Obviously, deprivatization is much costlier and involves many more bureaucratic agencies to carry out than regulation. If a city government has the capacity to deprivatize, it will also have the capacity to regulate the bus sector. Deprivatization is thus not a measure to improve service quality, because city governments could achieve that goal with much less extreme and costly measures. This is further supported by several studies that show deprivatization is not related to service improvement. Dalian and Urumqi, for example, both deprivatized their bus services. But after deprivatization, these cities continued to face bus service problems by SOEs, and had to set up a city-level task force to oversee the enforcement of regulations in the already deprivatized bus sector (Mu and Jong Reference Mu and de Jong2012, Reference Mu and de Jong2016). Therefore, through comparing the fate of private bus companies in Guangzhou and Nanning, deprivatization of the urban bus sector is a direct outcome of visibility projects imposed on firms.

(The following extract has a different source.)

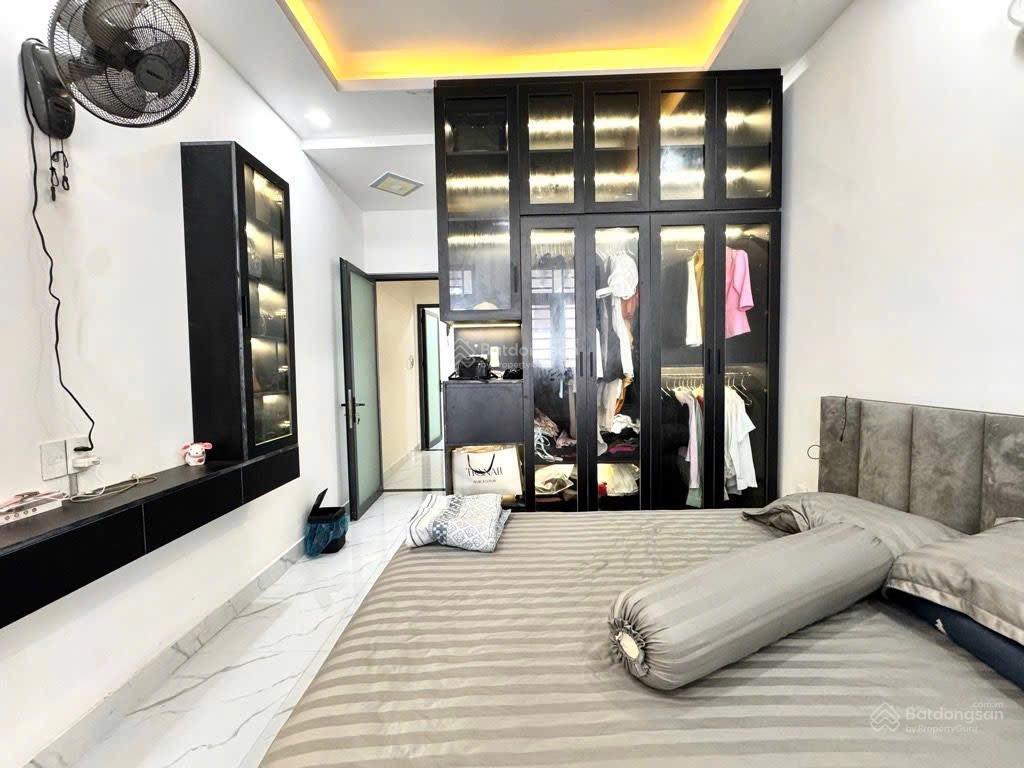 52m2 (3.4x15)  hẻm 3m cạnh mặt tiền  gần cv gia định  sân bay tsn  mới đẹp vào ở ngay 6.4 tỷ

In this chapter and Chapter 4, I show that visibility projects sponsored by firms, a form of politicization of business, is the direct reason for deprivatization of China’s urban bus sector. The urban bus sector became a popular sector for visibility projects, which is a distortion of the central government’s call for clean air. Local government officials rightfully translated this central government agenda into more public transportation to disincentive the use of private cars. However, in the process of execution, they focused on the visible components of this policy endeavor. Throughout China, local governments launched visibility projects in the urban bus sector, applied for national city titles, demanded purchases of aesthetically pleasing buses and new energy buses without providing adequate supporting infrastructure, and built BRT systems hastily, often without proper planning.
Bus firms were asked to contribute to these visibility projects, but the sector-wide nature of these visibility projects means that no single bus firm could claim credit for them, making these visibility projects more like regulation than bribes. As a result, when the costs of visibility projects become exceedingly high and threaten a firm’s survival, private firms with hard budget constraints are the first to resist sponsoring more of the local governments’ visibility projects. Such resistance threatens the progress of visibility projects and thus the political future of ambitious local government officials, especially when local leaders have a limited time frame to push for these visibility projects. And the most effective measure to remove resistance is to force out private firms and replace them with SOEs. Visibility projects in the urban bus sector, therefore, ended the marketization process of the sector.